I write a lot about life in the big city. But though I was born and educated there, I don't live in the city. I live in a small town in New Jersey right across the Hudson River from the big city. Life is good in our small town. My neighbors are friendly, helpful people. Our downtown area is safe and vibrant, but not too big; we have a good diner, a reasonably good supermarket, and a nice place to grab a cup of coffee with a friend. There are farmer's markets and street fairs in the summer, and our public library hosts cultural events of all kinds, all year round.
And there are really, really good public schools. Our schools are the envy of most of the state of New Jersey and maybe even the nation. My children are privileged to live in a place where they can safely walk to a school that will give them a first-rate education. In fact, our schools are so good, it appears that people from all over come to our town to take advantage of them. People who don't live here and don't pay the relatively high property taxes that finance our schools.
I was surprised when I first heard the whispers, a few years ago, that our schools had apparently been invaded by nonresidents. After all, it seemed to me to be pretty difficult to pretend to live somewhere that you didn't really live. We all know each other here, and there is a pretty high level of parent involvement in the schools. The kid whose parents don't live in the neighborhood is sure to stand out like a sore thumb.
Besides, the process for enrolling a child in one of our schools has always been positively draconian. Two years ago, when I attempted to enroll my oldest daughter in the high school, I was turned away because I could not produce a paper copy of a utility bill that had been mailed to me at my house. (I pay my utility bills online, so I had no paper invoices.) The mean lady behind the counter would not accept my bank statement or my driver's license. She dismissed my claim that I had two other children already enrolled in the system. Rules are rules, and in this little town, they don't bend for anyone.

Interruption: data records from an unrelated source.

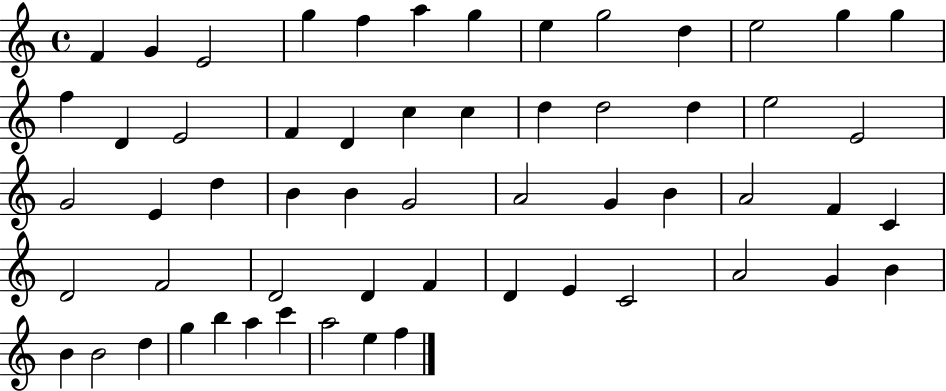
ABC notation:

X:1
T:Untitled
M:4/4
L:1/4
K:C
F G E2 g f a g e g2 d e2 g g f D E2 F D c c d d2 d e2 E2 G2 E d B B G2 A2 G B A2 F C D2 F2 D2 D F D E C2 A2 G B B B2 d g b a c' a2 e f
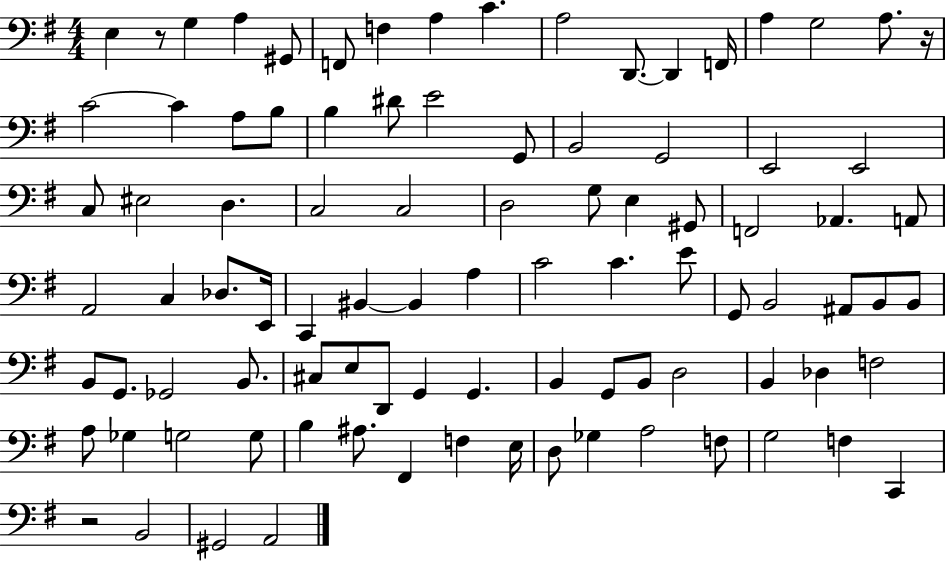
X:1
T:Untitled
M:4/4
L:1/4
K:G
E, z/2 G, A, ^G,,/2 F,,/2 F, A, C A,2 D,,/2 D,, F,,/4 A, G,2 A,/2 z/4 C2 C A,/2 B,/2 B, ^D/2 E2 G,,/2 B,,2 G,,2 E,,2 E,,2 C,/2 ^E,2 D, C,2 C,2 D,2 G,/2 E, ^G,,/2 F,,2 _A,, A,,/2 A,,2 C, _D,/2 E,,/4 C,, ^B,, ^B,, A, C2 C E/2 G,,/2 B,,2 ^A,,/2 B,,/2 B,,/2 B,,/2 G,,/2 _G,,2 B,,/2 ^C,/2 E,/2 D,,/2 G,, G,, B,, G,,/2 B,,/2 D,2 B,, _D, F,2 A,/2 _G, G,2 G,/2 B, ^A,/2 ^F,, F, E,/4 D,/2 _G, A,2 F,/2 G,2 F, C,, z2 B,,2 ^G,,2 A,,2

Given that a twenty-year resident can't get her kid into the high school, it struck me as odd that Someone Who Didn't Live Here was apparently managing to sponge an education off of all those good, honest, old-fashioned folks who still write a check every month to Public Service Electric and Gas. The problem was so bad that the town actually paid someone to track these evil children down and kick them out.
Well, thank goodness for that.
Except that it apparently didn't work.
So now there's a new plan. Now, if you are a parent registering a young scholar, whether for the first or thirteenth time, you must appear in person at the Board of Education building on a designated date with "FOUR proofs of residence AND your child's ORIGINAL BIRTH CERTIFICATE with the raised seal or a passport with family census. Homeowners must provide at least one of the items [listed below] in BOLD plus 3 additional proofs." (I have copied this instruction directly from the flyer I got in the mail from the Board of Ed. The emphasis is theirs. Or hers, I should say; the flyer is signed by our superintendent.)
Four proofs of residence? And what exactly is a family census? I've examined my passport pretty closely, and all I can see is a pretty ugly double-chinned portrait of myself and a few stamps from countries across the Atlantic Ocean from here. I don't see anything that even remotely resembles proof that my children live in any particular town.
I try pretty hard not to write about politics, mostly because I am aware of the distance between my views and the mainstream. I am prepared to take a fair amount of grief for saying this out loud, but I'll do it anyway:
What is wrong with a system that has come to this? Where children are forced to sneak around to get an education of a quality their parents' paychecks don't deserve? Where self-righteous residents proudly display their tax bills to a bureaucrat so they can demonstrate that they are entitled to enroll their children in a better school than other parents? Is the accidental education of a child - a CHILD - a societal wrong that merits this sort of Arizona-legislature-type action? Is the wrongful seeking of knowledge a crime in our society?
I, for one, am willing to overlook (and, yes, to pay for) the occasional errant education. And, in the long term, to help look for a more workable solution for all of the children. Education of our society as a whole is a better investment than giving the homeless guy a dollar in Starbucks, and, as we have established, I do that sort of thing all the time.